Le 15 juin 2025, Thales, leader mondial en cybersécurité, a publié un rapport alarmant sur l’évolution des cybermenaces visant le secteur aéronautique. Le mot-clé cyberattaque s’impose comme une urgence stratégique. En deux ans à peine, les attaques se sont multipliées de façon exponentielle, dévoilant la fragilité numérique d’un domaine jugé pourtant hautement sécurisé.
Une envolée de cyberattaques à +588 % : état des lieux
Entre janvier 2023 et avril 2025, les incidents cybernétiques spécifiquement dirigés contre l’aviation ont été multipliés par sept. Le rapport de Thales, document de référence en matière de cybersécurité, affirme : « Entre janvier 2023 et avril 2025, les incidents cybernétiques spécifiques à l’aéronautique ont augmenté de 588 %, passant de 4 à 27. Ils sont attribués à 22 groupes distincts, dont plusieurs liés à des États. »
Cette explosion ne concerne pas de simples bugs informatiques : on parle ici d’opérations ciblées, organisées, parfois commanditées par des puissances étatiques. Parmi les groupes identifiés, certains revendiquent des attaques motivées par des intérêts géopolitiques ou économiques, d’autres opèrent pour le compte de causes idéologiques.
Une vulnérabilité systémique exploitée par des adversaires hybrides
Pourquoi l’aéronautique ? Parce qu’elle concentre tous les ingrédients d’une cible idéale. Comme l’explique Ivan Fontarensky, directeur cybersécurité chez Thales : « L’industrie aéronautique est devenue une cible de haute valeur pour les adversaires numériques, en raison de sa complexité opérationnelle, de son interdépendance mondiale et de son rôle stratégique dans la géopolitique. » L’enjeu n’est pas seulement de bloquer des vols ou perturber des opérations. Ces cyberattaques visent les systèmes de maintenance, les réseaux logistiques, les données biométriques et même les itinéraires diplomatiques.
Parmi les vecteurs d’intrusion les plus utilisés, le vol d’identifiants d’accès arrive largement en tête, représentant 71 % des cas recensés dans le rapport de Thales. Ces identifiants permettent ensuite un accès non autorisé à des systèmes critiques, parfois sans déclencher la moindre alerte. Les attaques DDoS, notamment celles menées par le groupe hacktiviste pro-russe NoName057(16), ciblent quant à elles les serveurs de sites aéroportuaires européens, perturbant leur fonctionnement et cherchant à faire passer des messages politiques. Autre méthode en progression : les ransomwares, qui visent les logiciels utilisés dans les centres de maintenance aéronautique.

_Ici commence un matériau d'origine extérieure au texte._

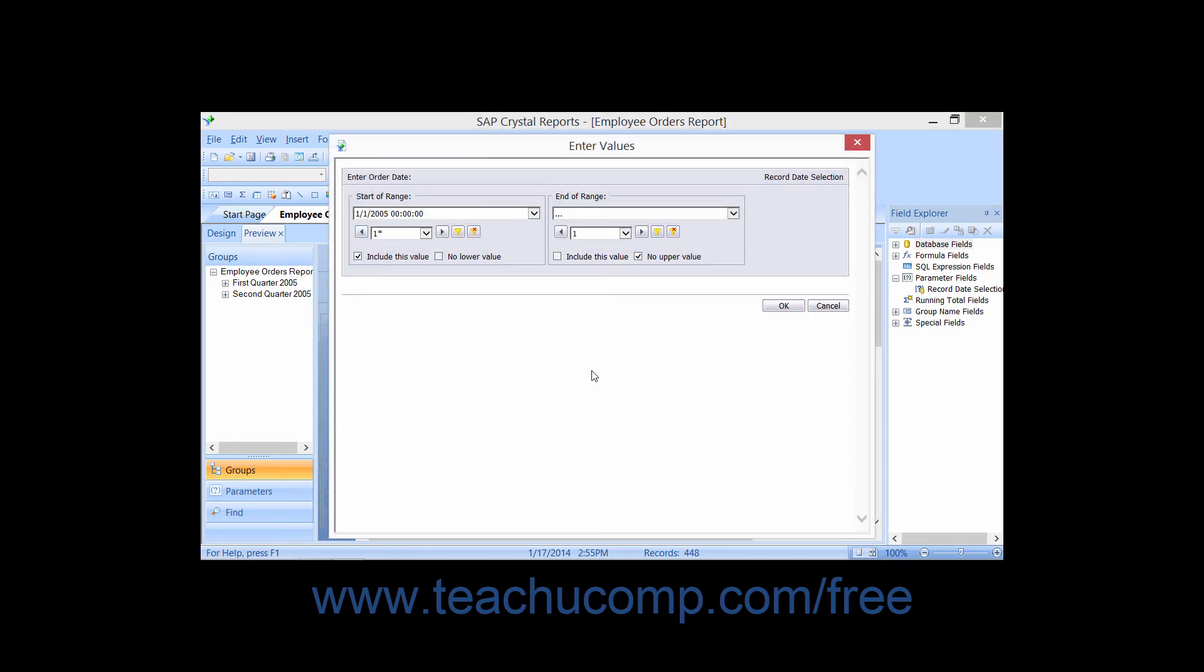When initially entering a parameter value, or when re-entering a value while refreshing report data, you use the Enter Values dialog box. In this dialog, you'll see the names of the report parameters and can select or enter the desired values for each one.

Une fois ces programmes chiffrés, les cybercriminels exigent d’importantes rançons pour restituer l’accès aux données. Enfin, certaines intrusions cherchent à compromettre les systèmes de communication entre les avions et les centres de contrôle, dans une logique de sabotage ou de renseignement.
Un secteur encore trop désarmé face à la menace cyber
Si les chiffres sont édifiants, la réponse structurelle aux cyberattaques tarde. Le marché mondial de la cybersécurité aéronautique est estimé à 5,32 milliards de dollars en 2025, avec une croissance annuelle moyenne de 8,7 % d’ici 2029 (Journal de l’Aviation, 15 juin 2025). Mais cette montée en puissance est encore inégale selon les zones géographiques et les types d’acteurs.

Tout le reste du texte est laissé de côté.